Under legacy-seeking Clinton and an obeisant Congress, KidCare has exploded into a medical welfare program for middle-class infants, toddlers, pre-teens, and a sizable chunk of the MTV set. What better way to entice the next generation into a full-blown system for socialized medicine?

Bipartisan sponsors gave birth to KidCare, a federal cost-sharing program, in the spring of 1997. U.S. Sens. Orrin Hatch (R-Utah) and Ted Kennedy (D-Mass.) touted the proposal as a means of providing children's health insurance to "the poorest of the poor working families" -- ignoring the fact that those families were already eligible for generous medical coverage under Medicaid.

Although the stated purpose of the act was to target "uninsured, low-income children in an effective and efficient manner," KidCare now covers those who turn out not to be very poor. Thanks to federal KidCare incentives, there are currently 30 states covering children up to 200 percent of the federal poverty line. Connecticut, Missouri, New Hampshire, Rhode Island, and Vermont have pushed eligibility up to 300 percent of the federal poverty line.

New Jersey, harbinger of costly entitlements to come, offers coverage to those with incomes up to 350 percent of the official poverty level – which means a family of four making $58,450 a year qualifies for government benefits originally intended to help the "poorest of the poor."

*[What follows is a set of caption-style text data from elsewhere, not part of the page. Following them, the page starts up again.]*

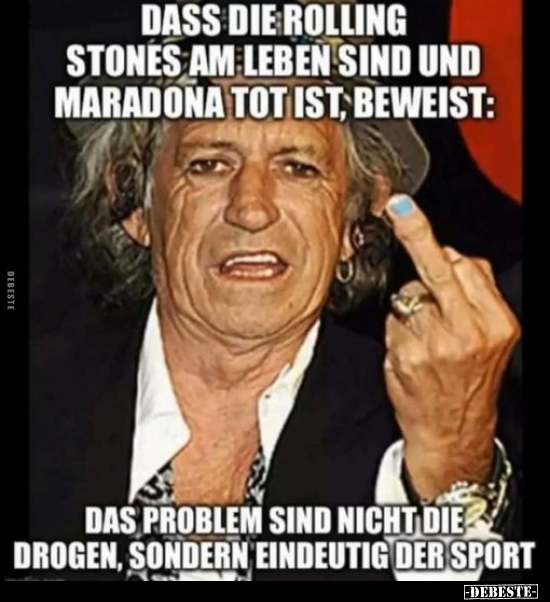 Dass die Rolling Stones am Leben sind und Maradona tot ist.. - Lustige Bilder | DEBESTE.de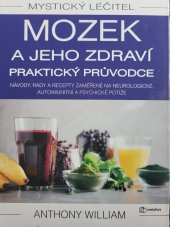 kniha Mozek a jeho zdraví  Praktický průvodce , Metafora 2023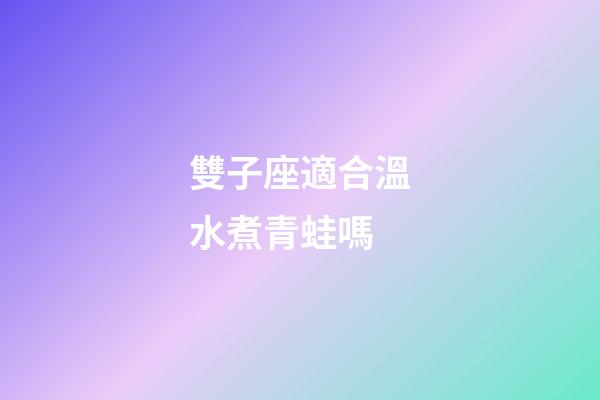 雙子座適合溫水煮青蛙嗎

California, which covers enrollees up to 250 percent of the poverty line, allows generous income deductions to increase eligibility. Benefits for a family of four earning $41,750 a year match those available to state employees, in addition to comprehensive dental and vision coverage. New rules allow retroactive coverage for medical services as much as three months before a child was enrolled in KidCare.

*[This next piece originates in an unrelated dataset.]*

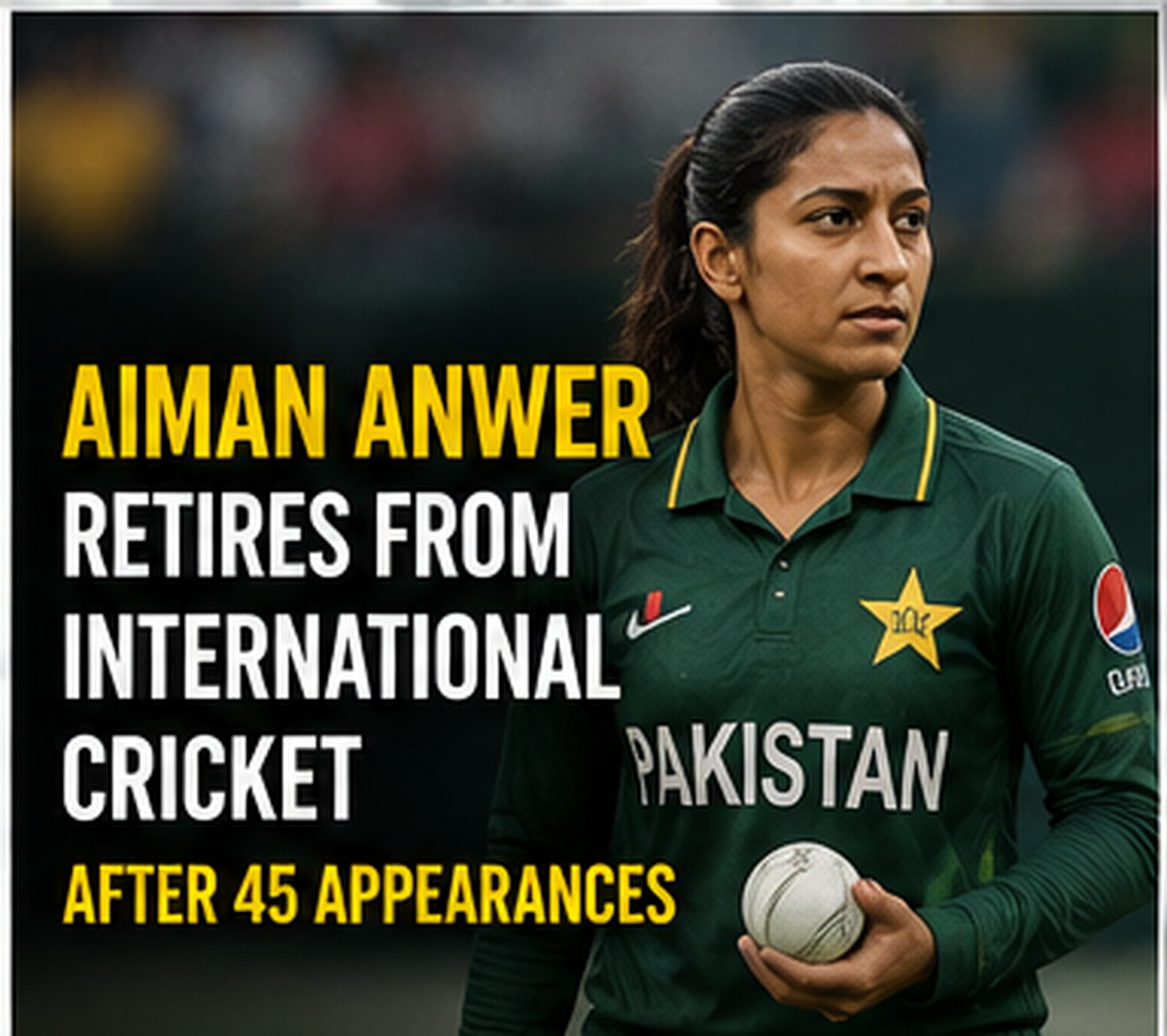 Aiman Anwer retires from international cricket after 45 appearances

A large share of KidCare participants turn out not to have been uninsured in the first place. The nonpartisan Congressional Budget Office estimated last year that 40 percent of new KidCare enrollees would come from families who drop their existing private coverage in favor of the federally subsidized entitlement.

Nevertheless, Clinton this week offered an irresistible lollipop to rope in more participants: Nearly $3 billion over the next five years to target new enrollees through public schools and to allow additional sites such as child care referral centers to immediately enroll uninsured children -- before their applications are even approved.

Moreover, the White House proposal would require states to make their Medicaid enrollment "as simple as that of KidCare." Read: throw means-testing out the window. As a White House press release explains, if a state's KidCare program "does not require an assets test…it would need to apply these same rules and procedures for children in Medicaid."

To top it all off, Clinton's plan would expand Medicaid to include an option to cover "children" through age 20. The same "option" -- what state would be crazy enough to turn it down? -- would be extended to all KidCare plans. (At the same time childhood is being defined up for eligibility purposes, welfare-state advocates are pushing aggressively to define senior citizenship down. Both Clinton and Gore support lowering the Medicare age of eligibility to 55.)

What's wrong with this picture? Robert Goldberg, a senior research fellow at the D.C.-based Ethics and Public Policy Center, put it well: "Instead of trying to drag parents into Medicaid and Kidcare, why not simply give them the money to make their own choices? Why not make a credit or voucher available to those who need it to buy insurance, pay bills, or add children to their own coverage?"

Clearly, KidCare's underlying goal is not to make sure all kids are insured, but to ensure they enroll in government health plans from the cradle and demand "free" coverage to the grave. The road to socialized health care is paved with good intentions -- and painted with candy stripes.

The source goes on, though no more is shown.